Weaning describes the process of breastfeeding cessation. This involves decreasing breast milk supply by reducing frequency of breastfeeding or pumping. If you are experiencing challenges which are causing you to suddenly want to stop breastfeeding, we first recommend support from a lactation consultant. The World Health Organization recommends exclusive breastfeeding for the first 6 months of life, then continued breastfeeding in tandem with complementary foods from 6 months to 2+ years. Your circumstances and desires to wean are unique to you, and we are here to support your goals.

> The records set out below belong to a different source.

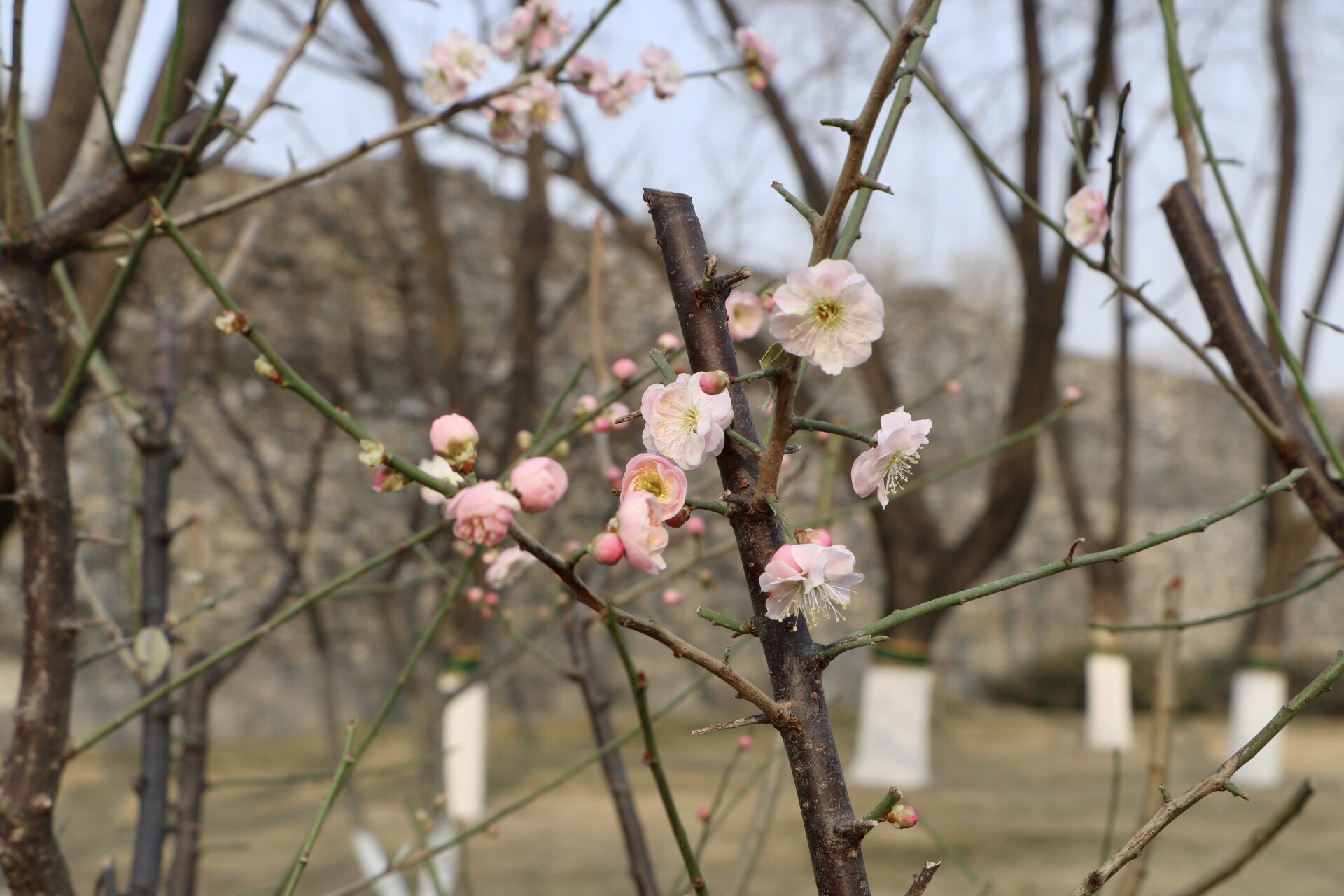 京城第一梅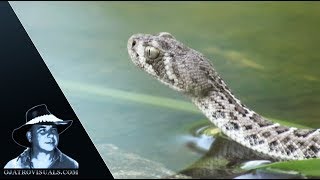 Newborn Rattlesnakes Swim 01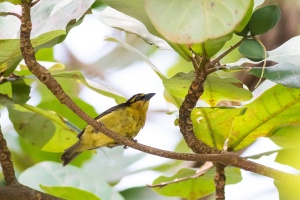 Ploceus nigricollis ?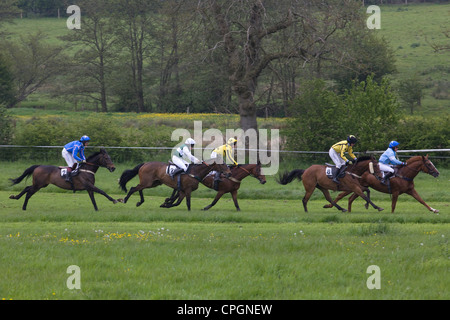 Rennen Pferde Equus Ferus Caballus an einem Hindernislauf Horse-event Stockfoto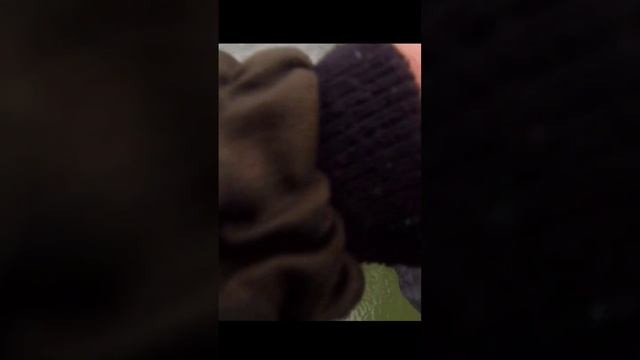 Килошный Судак взял на Виб KYODA. Бердь 25.11.23 #судакзимой #судакнавибы #судак смотреть онлайн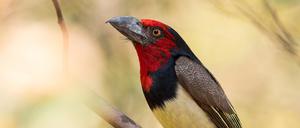 Der Halsband-Bartvogel in Botsuana im September 2023. Der Klimawandel sorgt für einen drastischen Rückgang der Vögelvielfalt auch in den Tropen.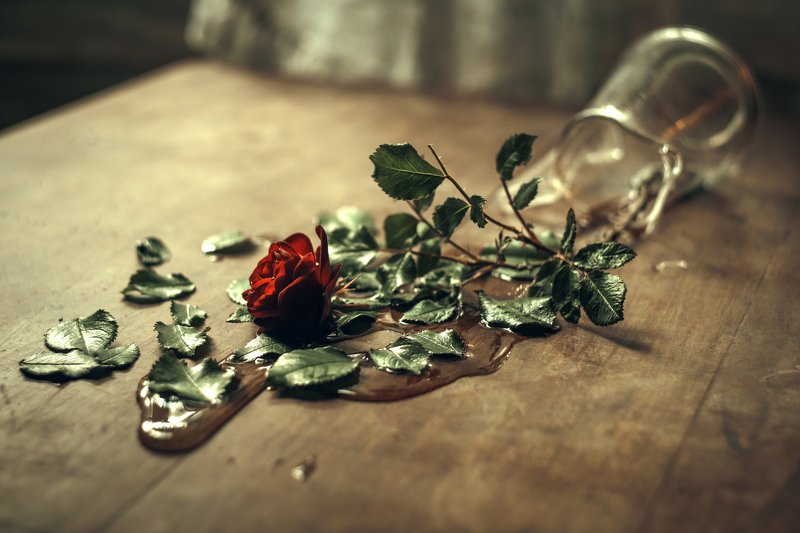Broken rose фото превью
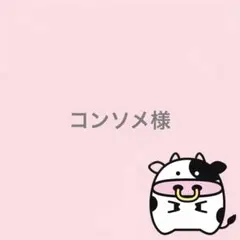 コンソメ様 リクエスト 2点 まとめ商品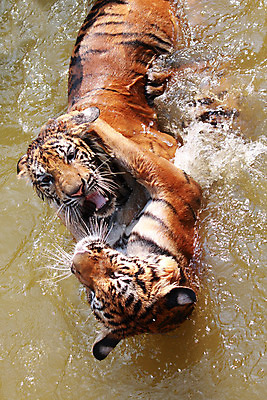 포토 JPG 해외이미지 동물 응시 얼굴 야생동물 2 오렌지 포유류 태국 자연 휴식 털 동물원 사람없음 물 달리기 머리 걷기 점프 고양이 줄무늬 표현 연못 호랑이 위험 큼 혀 당구 싸움 육식동물 노려봄 송곳니 해외202004 해외포토 자연요소 시선 아시아 컨셉 무늬 과일 모션 표정 신체부위 반려동물 구기 입 치아 크기 생태계 파일형식 이미지허브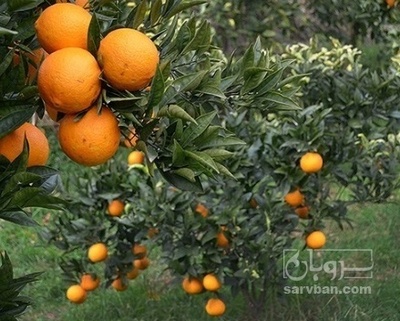 فروش پرتقال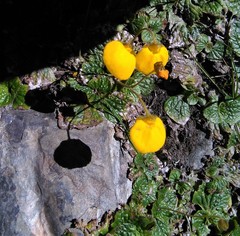 Calceolaria filicaulis
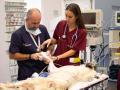 Hospital veterinario CEU Cardenal Herrera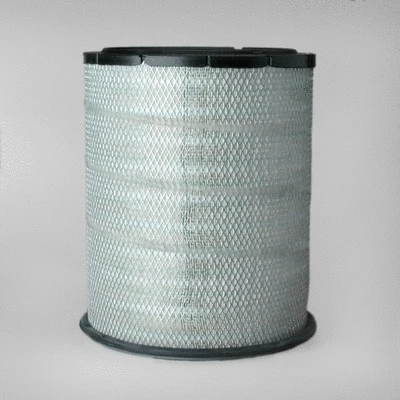 Air Filter (P782396)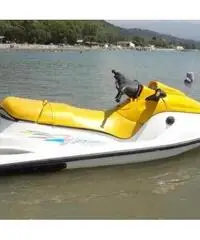 Moto d'acqua HS-MOTOR BOAT LTD Mod. HSTY700 - 7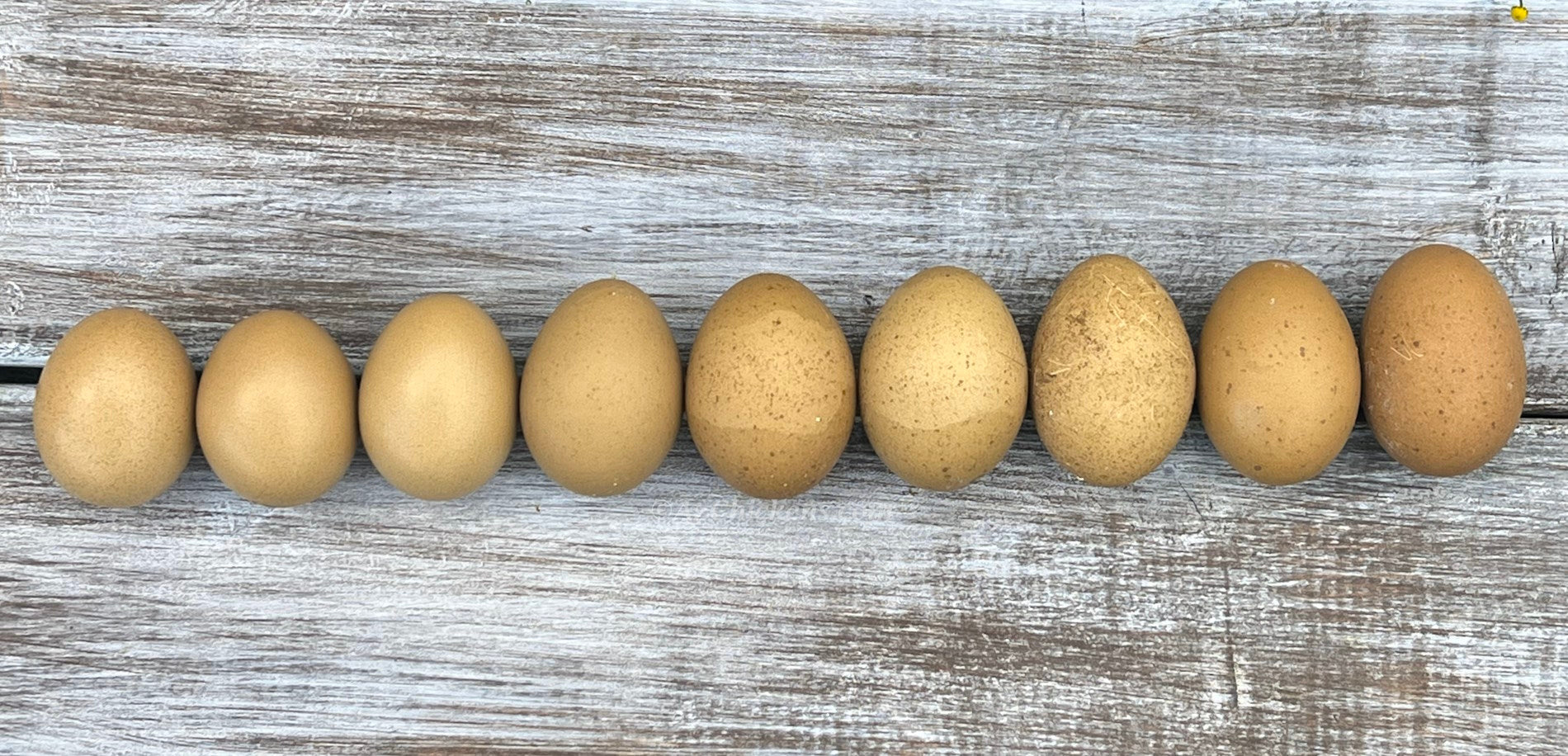 Day-old Moss Egger chicks in olive green, AmericanBresse.com heritage breed for egg laying.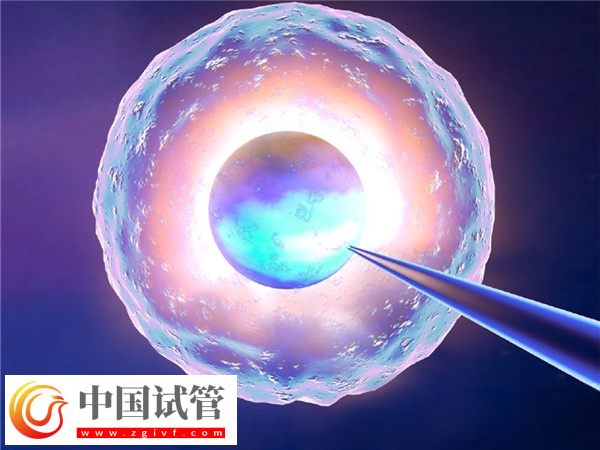 实施供卵试管助孕时间(图1)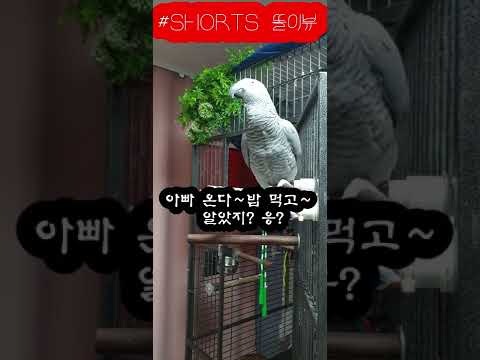 말잘하는천재앵무새똘이 K-parrot [똘이뷰] Korean-gray parrot#shorts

- If your baby is transitioning to formula or previously stored breast milk, gradually begin replacing one breast feed with a bottle feed. Once your breasts have adjusted to the dropped feeding, drop another breastfeeding session the following day. This process should occur carefully and can take up to 2 weeks for a mother who is fully nursing.
- Continue to follow the baby’s feeding cues, and neither deny nor initiate breastfeeding. Baby will gradually drop feeds over time.
You may experience various symptoms when weaning such as clogged ducts, breast fullness/swelling, and breast tenderness. The more rapid the weaning, the more likely you are to experience these symptoms. This is why we recommend gradually dropping feeds.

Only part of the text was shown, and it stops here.